News has emerged about a potential upgrade issue with the latest version of O/S code for the EMC XtremIO all-flash platform.  As discussed in this blog post, the upgrade to XIOS 3.0 is not simply disruptive but is destructive.  According to Chris Mellor’s post, the reason for the destructive nature of the upgrade is to change the on-disk de-duplication block size from 4K to 8K in order to ensure metadata can be managed efficiently.

This news, which appears to be confirmed through a blog post by Chad Sakac, is of course a PR disaster for EMC.  Chris’ post points to a video that highlights the XtremIO platform supporting non-disruptive upgrades.  Clearly that is now no longer the case.  Chad makes a valiant attempt to divert attention away from the core issue and points out that other platforms in their time have required disruptive and potentially destructive upgrades too.

Chad is of course correct to highlight NetApp’s Data ONTAP platform “upgrade” from 7-mode to c-mode which would be destructive, however as I’ve argued many times, this is a move from one product to a completely different one (albeit supported on the same hardware) and so it’s no surprise there’s disruption.  NetApp chose to market two separate products as the same platform, which for good or bad, isn’t the same argument as the issue with XtremIO.

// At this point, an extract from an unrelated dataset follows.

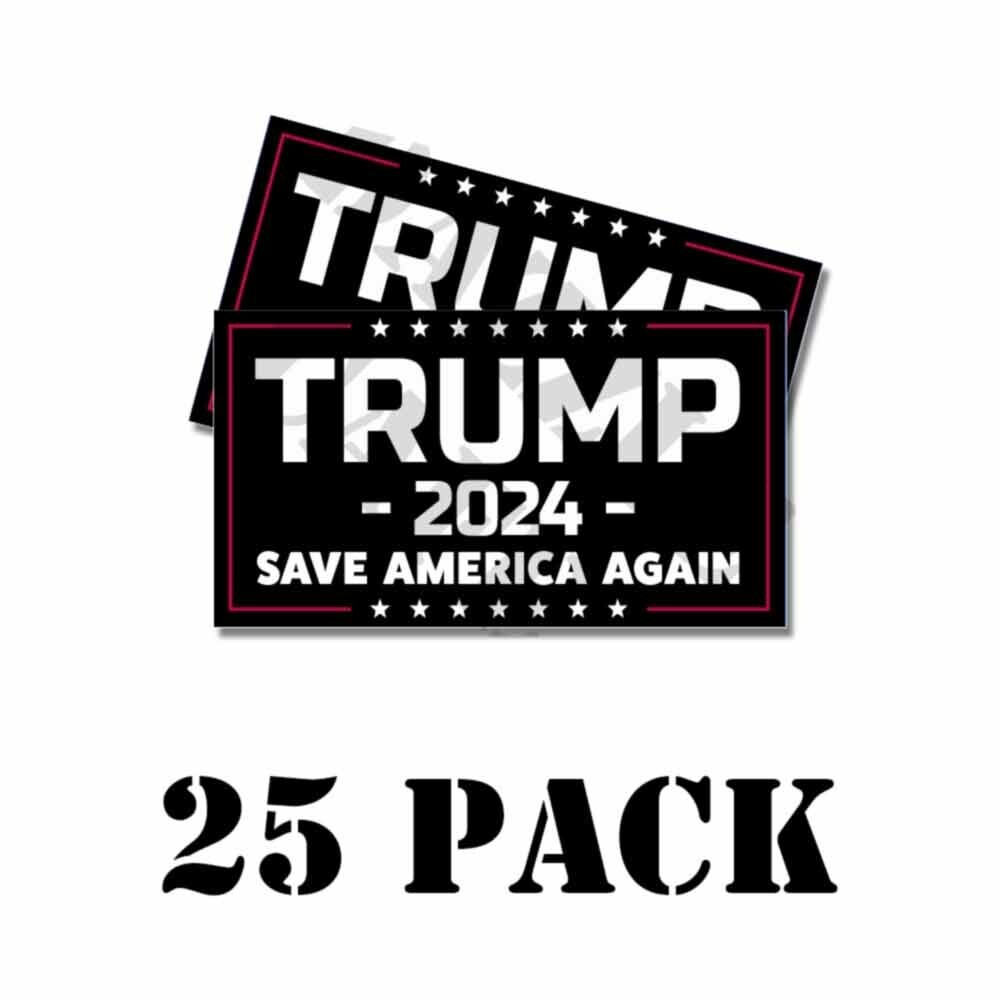 TRUMP 2024 Save America Again Decals BLACK Bulk 25 Stickers – 5.5 inch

Neither is the upgrade from VNX to VNX2 a fair comparison either.  Chad himself calls this out as a hardware & software upgrade, which is a totally different scenario.  VNX2 was, by EMC’s definition, “rewritten” to cater for multi-core processor hardware and as a result never designed to be backward compatible.  Customers were never intended to do upgrades in place, but to look at transition to VNX2 during hardware refresh.  In the case of XIOS 3.0, we are talking about an in-place upgrade on the same hardware.

Think of The Customer

Before discussing the technicalities, we should perhaps look at this issue from a  customer perspective.  Why have customers invested in all-flash arrays?  Clearly they want to benefit from the high performance and low latency, which means they will have placed mission critical applications on these platforms.  The $/GB metric is less valid in these scenarios as a comparison of cost benefit, but rather all-flash will have been justified through the increased business benefits of faster application/transaction processing.  As a result, these platforms will be expected to run 24/7.

Now the IT department is faced with having to explain that an upgrade to the latest O/S version will be disruptive to the application, potentially incurring downtime.  Whether tools like Storage vMotion can be utilised or not, either way, the storage team have work on their hands to move the data elsewhere and back again, all of which incurs time, risk and cost.  EMC is apparently offering assistance with “loaner” kit to help in the process – let’s face it, most customers don’t have a spare high-performance all-flash array sitting around specifically for these kinds of scenarios and this data won’t fly on anything but an all-flash array.  Despite this, ultimately the customer is still paying for this botched XIOS upgrade process because the loaner kit and any free consultancy given will be loaded somewhere into some customer’s purchase, making XtremIO more expensive than it need be.

Architecture Matters

Getting storage array architecture right from day 1 is not just important, it’s essential.  This means having a vision of what (future) features a platform will provide and designing with that in mind, even if the future implementations are two, three or five years ahead.  So far, there’s little to suggest that the XtremIO team have either the completeness of vision or the ability to execute that the recently announced Gartner MQ claims they have.  XtremIO’s position on the MQ is even more untenable when we consider the debacle over snapshot management discussed at Storage Field Day 5 earlier this year (watch the videos) and the fact that even now at XIOS 3.0, it appears there is no possibility of in-place hardware upgrades without disruption.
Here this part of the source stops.